26-27 de septiembre: Preparándonos Para Celebrar La Misa

Cristo es el Señor. El himno que San Pablo nos ofrece en su Carta a los Filipenses (2,1-11) es uno de los textos fundamentales en la elaboración de “la cristología.” En este himno, el centro en torno al cual gira la reflexión es la frase final: Jesucristo es Señor.

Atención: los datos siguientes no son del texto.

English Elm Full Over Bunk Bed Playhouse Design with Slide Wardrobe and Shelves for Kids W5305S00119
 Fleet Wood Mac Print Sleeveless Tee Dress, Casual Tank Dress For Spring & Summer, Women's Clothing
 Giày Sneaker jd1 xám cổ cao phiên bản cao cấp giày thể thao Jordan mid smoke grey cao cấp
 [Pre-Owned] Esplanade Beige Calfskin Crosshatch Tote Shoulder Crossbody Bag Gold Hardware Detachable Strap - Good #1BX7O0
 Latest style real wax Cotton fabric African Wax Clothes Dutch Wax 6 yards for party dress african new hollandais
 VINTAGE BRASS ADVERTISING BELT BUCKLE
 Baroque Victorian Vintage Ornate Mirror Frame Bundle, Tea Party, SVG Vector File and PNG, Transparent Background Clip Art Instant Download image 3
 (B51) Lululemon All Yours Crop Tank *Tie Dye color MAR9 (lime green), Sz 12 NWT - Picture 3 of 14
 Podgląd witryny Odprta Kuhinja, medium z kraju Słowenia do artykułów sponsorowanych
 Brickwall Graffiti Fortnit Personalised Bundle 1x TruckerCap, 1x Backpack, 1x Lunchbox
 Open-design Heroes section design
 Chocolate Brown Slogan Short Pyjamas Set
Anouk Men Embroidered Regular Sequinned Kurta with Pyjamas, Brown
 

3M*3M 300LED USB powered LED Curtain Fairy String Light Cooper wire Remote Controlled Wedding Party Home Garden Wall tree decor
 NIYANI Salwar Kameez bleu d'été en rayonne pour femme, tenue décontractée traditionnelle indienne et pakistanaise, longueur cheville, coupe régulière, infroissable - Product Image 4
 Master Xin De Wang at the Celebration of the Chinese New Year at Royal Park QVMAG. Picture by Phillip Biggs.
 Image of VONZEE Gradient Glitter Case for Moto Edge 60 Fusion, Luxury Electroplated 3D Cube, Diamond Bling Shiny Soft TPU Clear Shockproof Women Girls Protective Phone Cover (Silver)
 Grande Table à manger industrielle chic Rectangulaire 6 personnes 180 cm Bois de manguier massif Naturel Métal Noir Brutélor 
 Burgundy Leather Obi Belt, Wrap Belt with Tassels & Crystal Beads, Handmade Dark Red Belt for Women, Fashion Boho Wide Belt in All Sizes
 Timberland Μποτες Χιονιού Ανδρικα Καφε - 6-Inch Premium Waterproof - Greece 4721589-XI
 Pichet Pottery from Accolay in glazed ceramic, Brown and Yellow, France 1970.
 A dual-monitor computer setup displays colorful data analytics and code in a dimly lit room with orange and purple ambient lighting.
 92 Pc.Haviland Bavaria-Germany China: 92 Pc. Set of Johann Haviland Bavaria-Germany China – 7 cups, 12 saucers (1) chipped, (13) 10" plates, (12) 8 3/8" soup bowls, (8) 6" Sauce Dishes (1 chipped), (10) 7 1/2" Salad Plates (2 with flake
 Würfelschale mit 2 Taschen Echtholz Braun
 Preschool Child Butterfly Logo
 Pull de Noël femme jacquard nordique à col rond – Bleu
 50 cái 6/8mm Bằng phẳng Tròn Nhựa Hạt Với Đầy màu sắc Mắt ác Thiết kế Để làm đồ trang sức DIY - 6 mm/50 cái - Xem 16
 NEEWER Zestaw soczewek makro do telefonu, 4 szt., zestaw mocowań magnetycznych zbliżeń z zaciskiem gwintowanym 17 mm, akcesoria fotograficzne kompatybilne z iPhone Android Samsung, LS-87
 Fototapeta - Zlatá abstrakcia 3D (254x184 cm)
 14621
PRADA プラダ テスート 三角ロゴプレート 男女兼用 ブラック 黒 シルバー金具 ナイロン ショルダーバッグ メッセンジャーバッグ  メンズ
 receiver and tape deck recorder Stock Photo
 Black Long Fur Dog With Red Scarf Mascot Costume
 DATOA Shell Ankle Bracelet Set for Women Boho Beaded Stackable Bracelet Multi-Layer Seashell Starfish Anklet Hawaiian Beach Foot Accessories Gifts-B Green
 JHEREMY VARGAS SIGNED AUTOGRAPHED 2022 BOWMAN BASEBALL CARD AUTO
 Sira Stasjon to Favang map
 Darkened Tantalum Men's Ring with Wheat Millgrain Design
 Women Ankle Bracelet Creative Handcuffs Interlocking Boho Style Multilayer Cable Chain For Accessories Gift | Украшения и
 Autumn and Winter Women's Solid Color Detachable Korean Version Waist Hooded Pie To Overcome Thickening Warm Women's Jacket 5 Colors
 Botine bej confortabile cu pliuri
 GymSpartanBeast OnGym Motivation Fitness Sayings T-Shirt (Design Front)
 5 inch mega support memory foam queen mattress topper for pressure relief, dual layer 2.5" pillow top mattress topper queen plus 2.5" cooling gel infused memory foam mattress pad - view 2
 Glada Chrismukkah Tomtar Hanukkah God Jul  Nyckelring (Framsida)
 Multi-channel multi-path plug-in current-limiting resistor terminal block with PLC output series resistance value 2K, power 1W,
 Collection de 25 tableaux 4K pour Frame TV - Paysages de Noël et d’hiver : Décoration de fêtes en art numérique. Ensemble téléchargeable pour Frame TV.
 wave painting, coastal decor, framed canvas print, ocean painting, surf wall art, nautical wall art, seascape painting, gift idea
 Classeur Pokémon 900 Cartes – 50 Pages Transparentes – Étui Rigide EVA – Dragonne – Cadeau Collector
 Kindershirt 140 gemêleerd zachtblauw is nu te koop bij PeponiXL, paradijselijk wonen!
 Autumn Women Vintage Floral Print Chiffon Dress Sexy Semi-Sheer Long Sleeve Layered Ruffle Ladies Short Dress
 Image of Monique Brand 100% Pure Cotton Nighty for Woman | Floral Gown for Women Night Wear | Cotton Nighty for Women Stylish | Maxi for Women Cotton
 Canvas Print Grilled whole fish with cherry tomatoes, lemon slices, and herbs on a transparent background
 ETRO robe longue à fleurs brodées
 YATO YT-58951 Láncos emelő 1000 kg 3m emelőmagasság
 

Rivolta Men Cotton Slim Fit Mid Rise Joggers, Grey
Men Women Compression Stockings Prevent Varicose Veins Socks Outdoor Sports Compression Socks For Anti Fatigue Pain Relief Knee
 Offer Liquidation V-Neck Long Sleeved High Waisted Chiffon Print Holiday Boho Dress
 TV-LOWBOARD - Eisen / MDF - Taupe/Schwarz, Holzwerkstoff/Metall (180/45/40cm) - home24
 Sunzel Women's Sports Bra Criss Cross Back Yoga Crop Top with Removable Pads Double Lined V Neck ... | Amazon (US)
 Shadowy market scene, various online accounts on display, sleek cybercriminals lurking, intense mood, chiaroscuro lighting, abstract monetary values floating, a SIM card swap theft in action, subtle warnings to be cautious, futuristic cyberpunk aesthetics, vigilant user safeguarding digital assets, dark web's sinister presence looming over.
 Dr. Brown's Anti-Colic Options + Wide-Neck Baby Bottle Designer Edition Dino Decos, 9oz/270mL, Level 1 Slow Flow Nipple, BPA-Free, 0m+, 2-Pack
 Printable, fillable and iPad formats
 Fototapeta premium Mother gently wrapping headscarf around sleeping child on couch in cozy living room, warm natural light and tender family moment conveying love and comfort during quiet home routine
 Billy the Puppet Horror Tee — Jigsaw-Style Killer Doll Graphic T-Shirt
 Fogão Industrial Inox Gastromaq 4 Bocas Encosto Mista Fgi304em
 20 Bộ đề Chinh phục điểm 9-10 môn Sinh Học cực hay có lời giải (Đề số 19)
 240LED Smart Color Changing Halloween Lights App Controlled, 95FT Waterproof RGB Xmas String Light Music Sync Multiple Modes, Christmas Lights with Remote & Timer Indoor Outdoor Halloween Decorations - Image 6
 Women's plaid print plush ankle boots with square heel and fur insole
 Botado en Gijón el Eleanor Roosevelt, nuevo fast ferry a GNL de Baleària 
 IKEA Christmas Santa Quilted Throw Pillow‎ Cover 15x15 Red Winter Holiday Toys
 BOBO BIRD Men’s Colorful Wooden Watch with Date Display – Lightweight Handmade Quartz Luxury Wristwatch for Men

En la traducción griega de los libros del Antiguo Testamento, el nombre inefable con el cual Dios se reveló a Moisés (cf. Ex 3, 14), Yahweh, es traducido por Kyrios [“Señor”]. Señor se convierte desde entonces en el nombre más habitual para designar la divinidad misma del Dios de Israel. El Nuevo Testamento utiliza en este sentido fuerte el título “Señor” para el Padre, pero lo emplea también, y aquí está la novedad, para Jesús reconociéndolo como Dios (cf. 1 Colosenses 2,8 y el Catecismo de la Iglesia Católica 446). Así pues, el himno de Filipenses 2 indica claramente la perfecta divinidad y la perfecta humanidad de Cristo. Pues bien, Él, a pesar de su condición divina, no hizo alarde de su categoría de Dios.

En este himno no se habla de los discursos del Señor, de sus enseñanzas, sino de sus obras: se despojó, tomó la condición de esclavo, y se sometió incluso a la muerte. Él nos enseña el camino que debe seguir el cristiano: el camino de la obediencia a los planes divinos, el camino de la humildad, y el camino del cumplimiento de la voluntad de Dios en las obras, no solo en las palabras.

Aquí admiramos el poder de Cristo: un poder muy distinto del humano que desea imponer y hacer la propia voluntad. El poder de Cristo es el poder de la obediencia al Padre, es el poder el amor y de la verdad, y es el poder del que sirve y da la vida por los amigos. Cristo es Señor. Él tiene el nombre sobre todo nombre, y ésta es nuestra esperanza. Podemos esperar en el poder de Dios  ̶  un poder que actúa en este mundo, lo cambia por dentro. Un poder que no se ejerce despóticamente, sino amorosamente. ¡Cristo es nuestra esperanza!